Se qualcuno ha pensato di poter liquidare l’esito del voto siciliano come fatto puramente “locale” ha dovuto rapidamente ricredersi. Non a caso, fin dal giorno dopo, tutti i partiti e i soggetti in campo per le prossime elezioni politiche hanno cambiato toni e agende.
Il centrodestra, vincitore materiale della prova, ha ovviamente enfatizzato il risultato pensando di poter replicare quel 40% anche a livello nazionale.
Altrettanto entusiasti e motivati sono apparsi i dirigenti del Movimento Cinque Stelle il cui candidato ha conquistato il 35% e sono diventati primo partito staccando nettamente FI e PD.
Clima opposto invece nel campo del centrosinistra e in particolare tra coloro che avevano governato la Sicilia nell’ultimo quinquennio. Qui, tra i protagonisti della disfatta, era impossibile stiracchiare il voto a proprio piacimento. Tutt’al più si poteva momentaneamente accantonare l’aria dimessa e i musi lunghi, ma solo per rimproverarsi vicendevolmente torti e responsabilità.
Al di là delle interpretazioni più o meno strumentali c’è però un nesso tra voto siciliano e voto nazionale? Certo che c’è.
Per coglierlo correttamente però, bisogna evitare letture semplicistiche che possano stabilire tra le diverse elezioni automatismi annidati solo nella fantasia di chi li propone.
Il voto siciliano, come qualsiasi altra consultazione elettorale, aiuta a comprendere umori e tendenze di fondo che riguardano l’intero corpo elettorale.
Prendiamo ad esempio il problema dell’astensionismo. Da alcuni anni assistiamo alla sua crescita costante (salvo rare eccezioni). Un fenomeno particolarmente inquietante e preoccupante in generale. Ma ancora di più quando al voto sono interessate istituzioni che dovrebbero essere le più “vicine” ai cittadini. Un segnale di distacco e di sfiducia che coinvolge tutti i partiti e gli schieramenti, spesso volutamente ignorato anche perché rivelatore della fragilità delle vittorie o della pesantezza delle sconfitte. Se, come nel caso Sicilia, vota il 47% degli aventi diritto è un fatto grave in sé, lo è ancora di più se si pensa che chi ha vinto con il 40% rappresenta realmente solo 18 elettori su cento (in termini assoluti stiamo parlando di 830.821 oti su 4.661.123 elettori).
A maggiore ragione ci sarebbe da chiedersi chi rappresenterà realmente la futura “maggioranza “ di OSTIA se il dato del primo turno (un terzo degli elettori al voto) sarà confermato nel secondo.
Un altro elemento su cui riflettere è l’astensionismo oscillante, cioè la non partecipazione al voto che di volta in volta colpisce uno schieramento o l’altro.

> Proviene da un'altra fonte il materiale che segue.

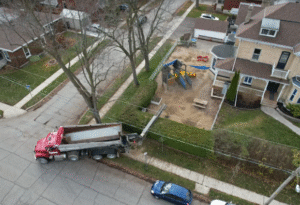 Stone Slinger truck delivery aggregate service Excavating Arkell ponds and grading retaining wall land clearing tree removal contractor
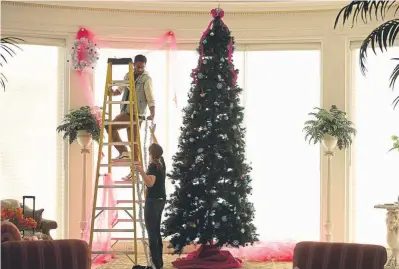  ?? Photos by Helen H. Richardson, The Denver Post ?? Xavier Bonney, left, gets help from his mother Trish as they decorate the Palm Room in the Governor’s Residence on Nov. 19.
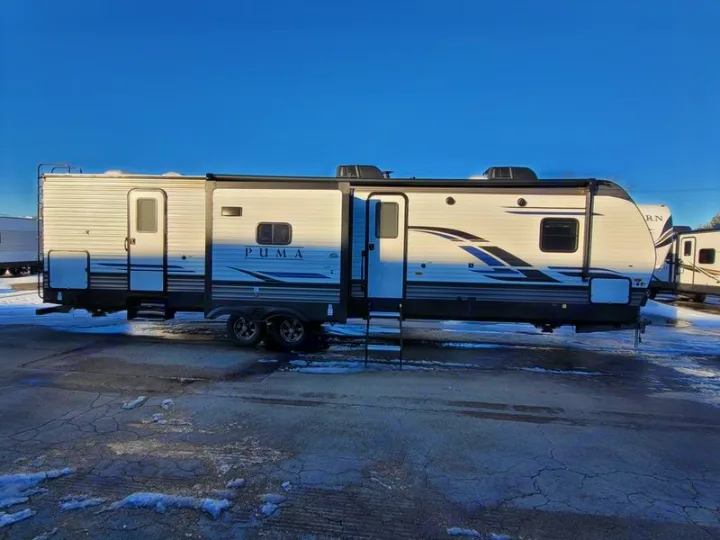 This long white Puma travel trailer, ideal for an RV rental, is seen on a snowy lot. Features extendable sections & multiple doors.. Forest River Palomino Puma 2022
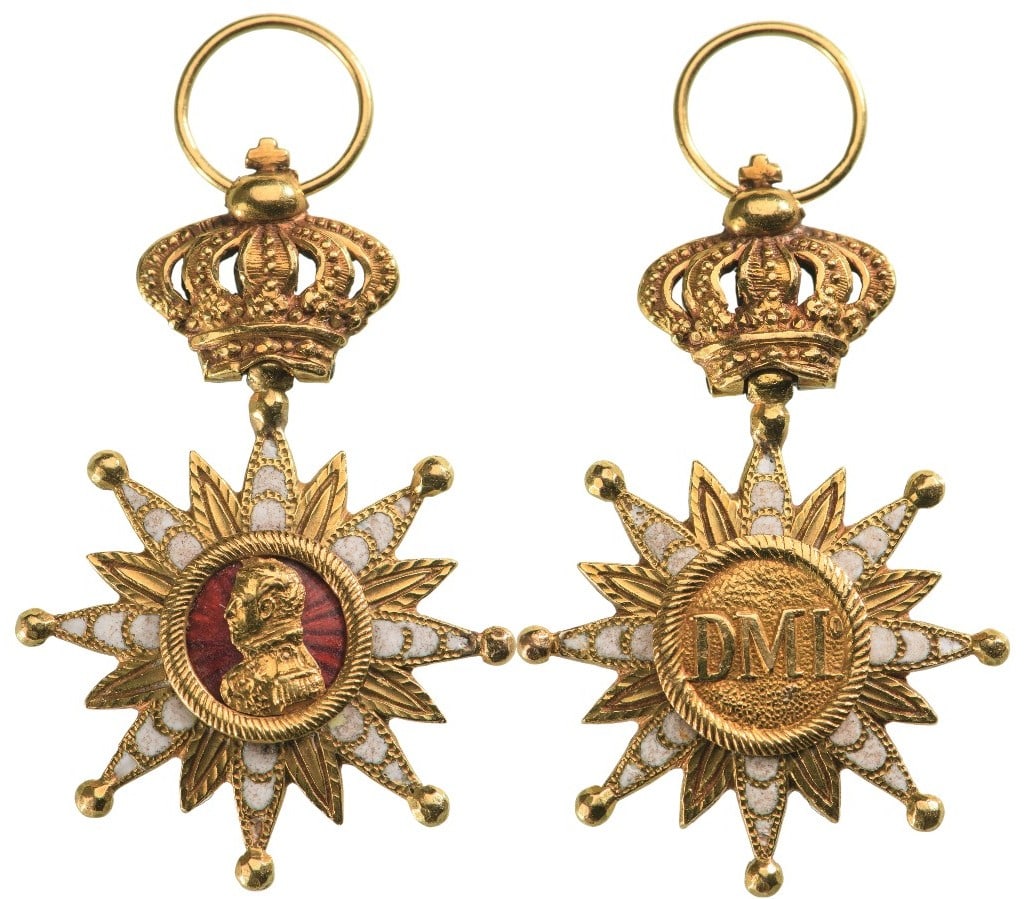 Decoration of Fidelity to Dom Miguel de Bragança: A jewelled decoration in Gold: eight-pointed star; each point set with three diamonds and ending with ball finial, flanked by chiseled beams; red enameled obverse centre medallion with the embossed go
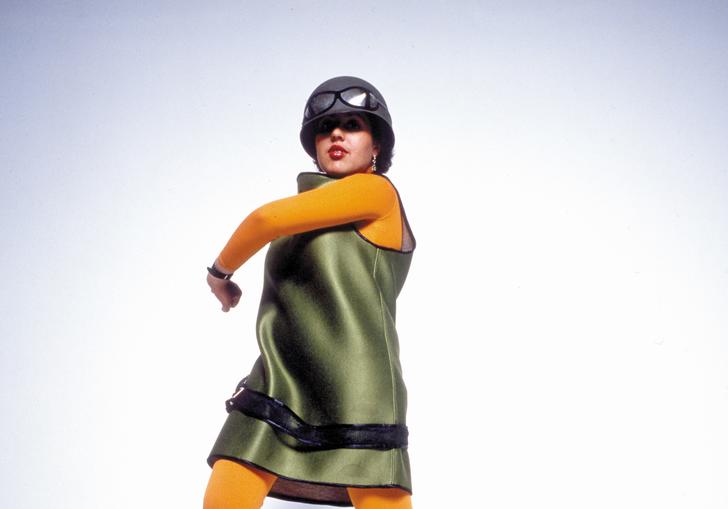 poly styrene dancing in front of a white background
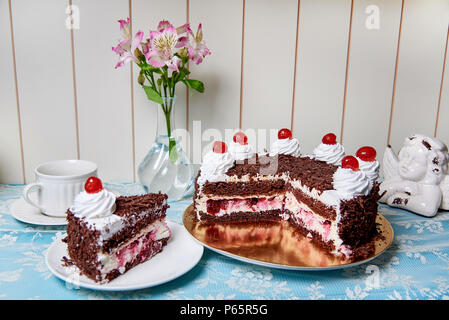 Schokoladenkuchen mit Sahne und Kirsche auf dem Serviertisch. Stockfoto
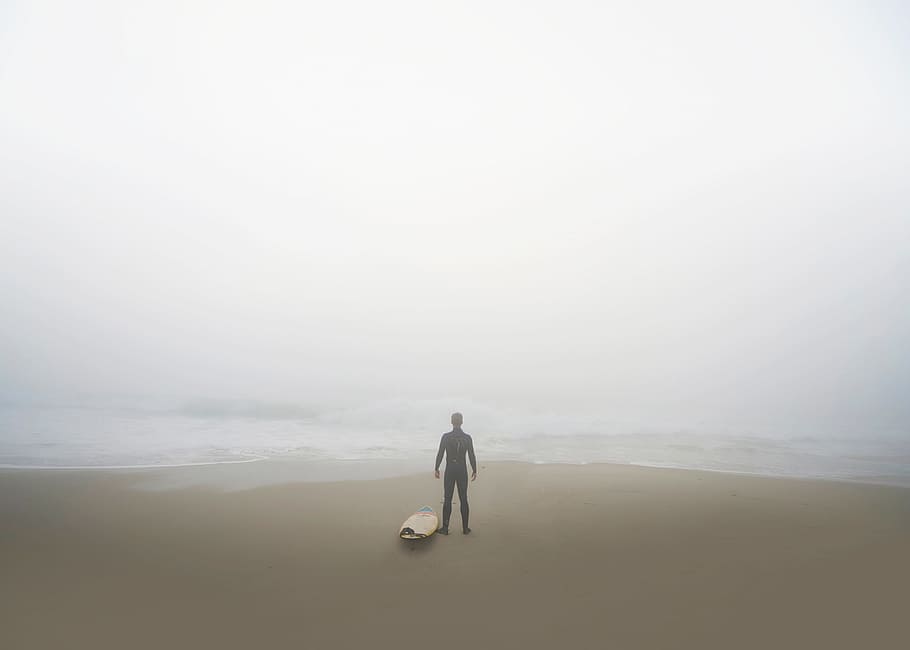 man standing beside surfboard on seashore, silhouette of person standing facing body of water near surfboard, HD wallpaper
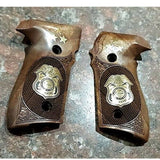 Sig Sauer P226 custom grips made from black PMMA acrylic with silver logo inlay for enhanced firearm handling and style.
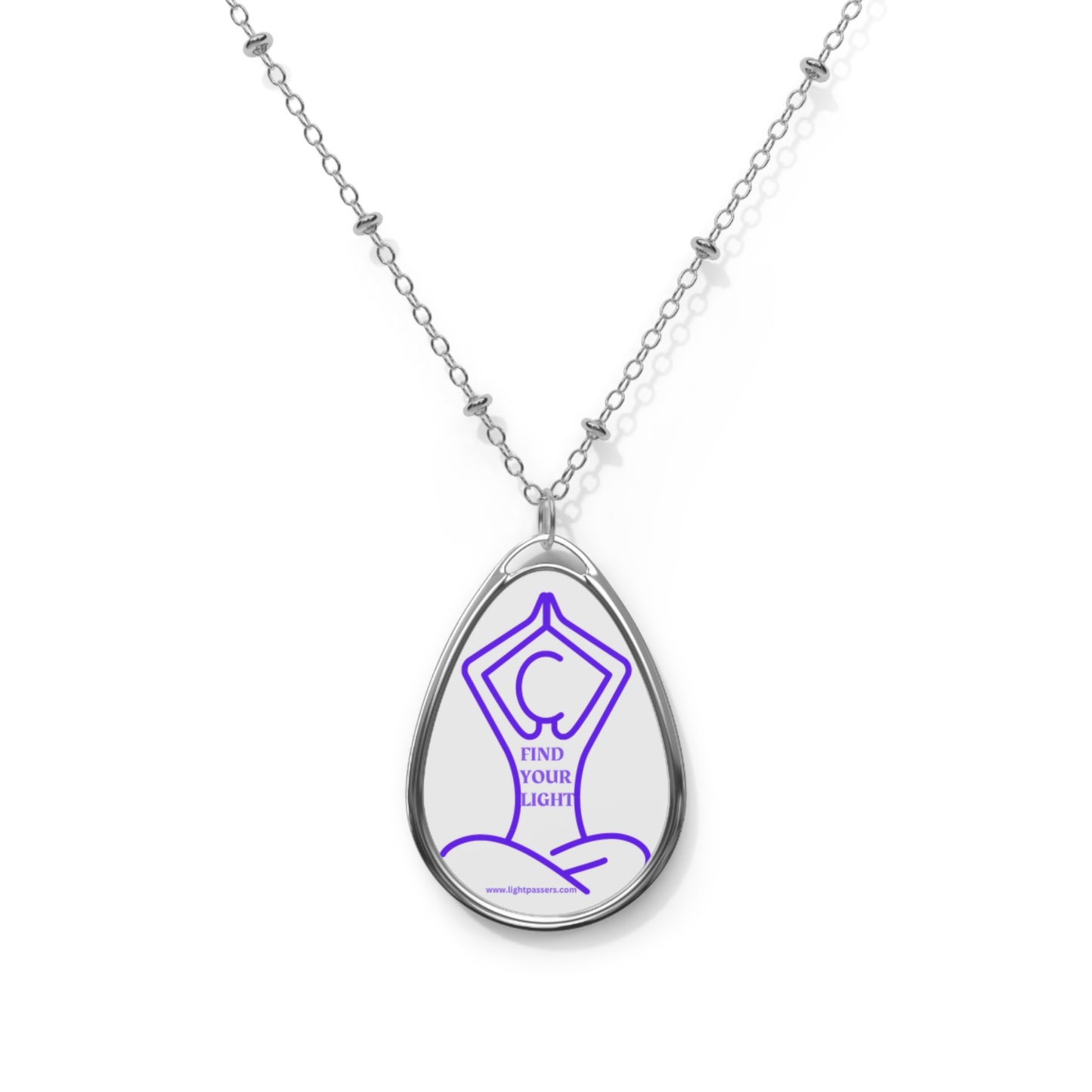 Silver necklace with an ellipse-shaped pendant showing a person in a yoga pose, inscribed with 'Find Your Light'. Ideal for yoga enthusiasts.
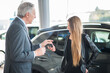 © Minerva Studio - Woman taking the keys for her car in a showroom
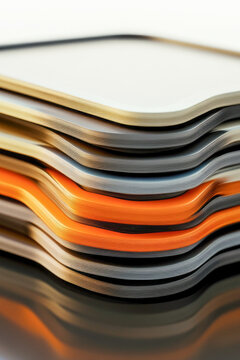 A pile of cell phones stacked on top of each other. vertical frame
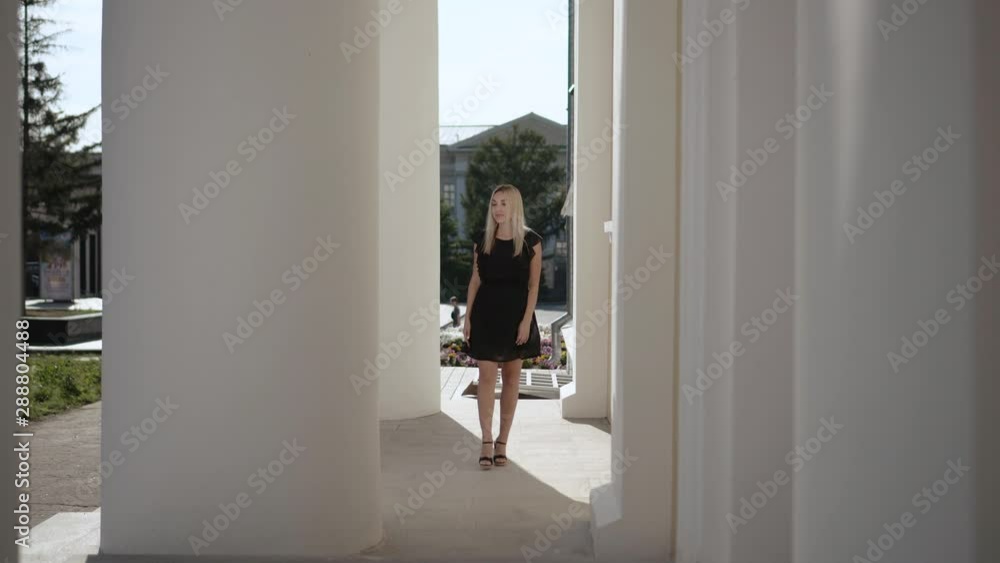 Gorgeous beautiful blonde in a black dress on a walk passes among the white columns of the building. Steadicam shot. Gorgeous beautiful blonde in a black dress on a walk passes among the white columns of the building. Steadicam shot.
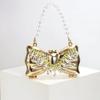 Luxury Fashion Metal Mini Handbag With Bow Clasp Playful Acrylic Bow Design With Shimmering European-Style Chain Crossbody Bag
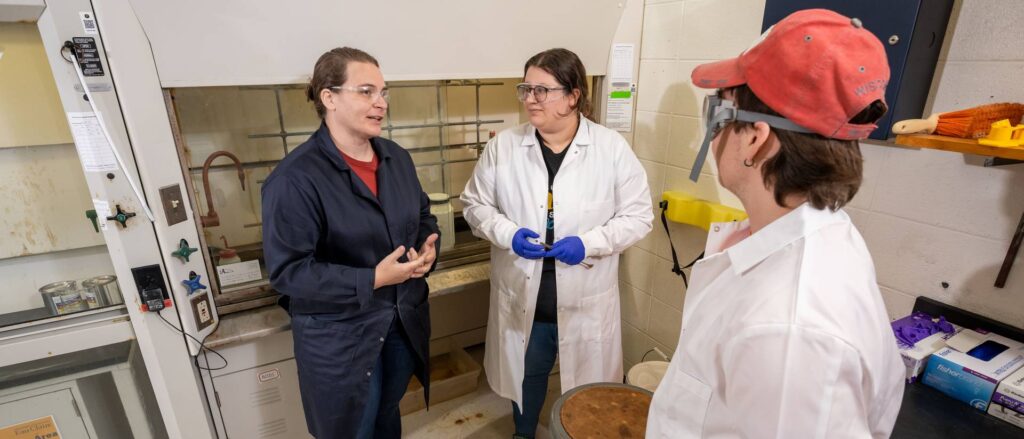 Photo of (from left) Dr. Deidra Gerlach, associate professor of chemistry and biochemistry, working with students Jackie Bradley and Connor Koepp.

Al punto da risultare determinante sull’esito stesso della consultazione.
Il problema di un astensionismo così rilevante ed esteso può essere risolto solo interrogandosi sulle cause che l’hanno prodotto e che sono tutte politiche. Nel senso che attengono alla “percezione” che i cittadini hanno della politica e delle istituzioni. Una “percezione” strettamente connessa alle condizioni materiali di ciascuno e determinata dalle risposte fuorvianti date dalla politica, dalle istituzioni, dai partiti. Ormai la “rappresentatività” si è ristretta talmente tanto da generare nei comportamenti elettorali – e non solo – fenomeni patologici. Negli anni passati si è pensato di colmare il divario partecipativo concentrandosi ossessivamente sulle norme elettorali. Norme finalizzate spesso a trasformare minoranze sempre più esigue in “solide” maggioranze di governo. Una scelta che ha contribuito a restringere di fatto la partecipazione e gli spazi democratici consegnandoli sempre più nelle mani delle tifoserie o, come dimostra anche il caso siciliano, di gruppi portatori di voti vendibili al migliore offerente.
Da questa crisi di legittimazione che colpisce le basi stesse della nostra democrazia si può uscire solo con una politica di cambiamento capace cioè di rimettere sostanzialmente in discussione contenuti e metodi seguiti fin qui. Una politica cioè capace di ripartire dai bisogni e dalle domande dei cittadini e non da calcoli elettoralistici e di potere. Una politica capace di rileggersi e attuare l’articolo 3 della nostra Costituzione. Una politica capace di realizzare un circuito virtuoso tra società e istituzioni e, soprattutto, non più supina nei confronti dei poteri forti vecchi o nuovi che siano. Partendo da qui anche la nostra prossima consultazione regionale e quella nazionale potranno avere un segno completamente diverso dal passato stimolando l’impegno e la presenza di quanti finora si sono rifugiati nell’astensionismo.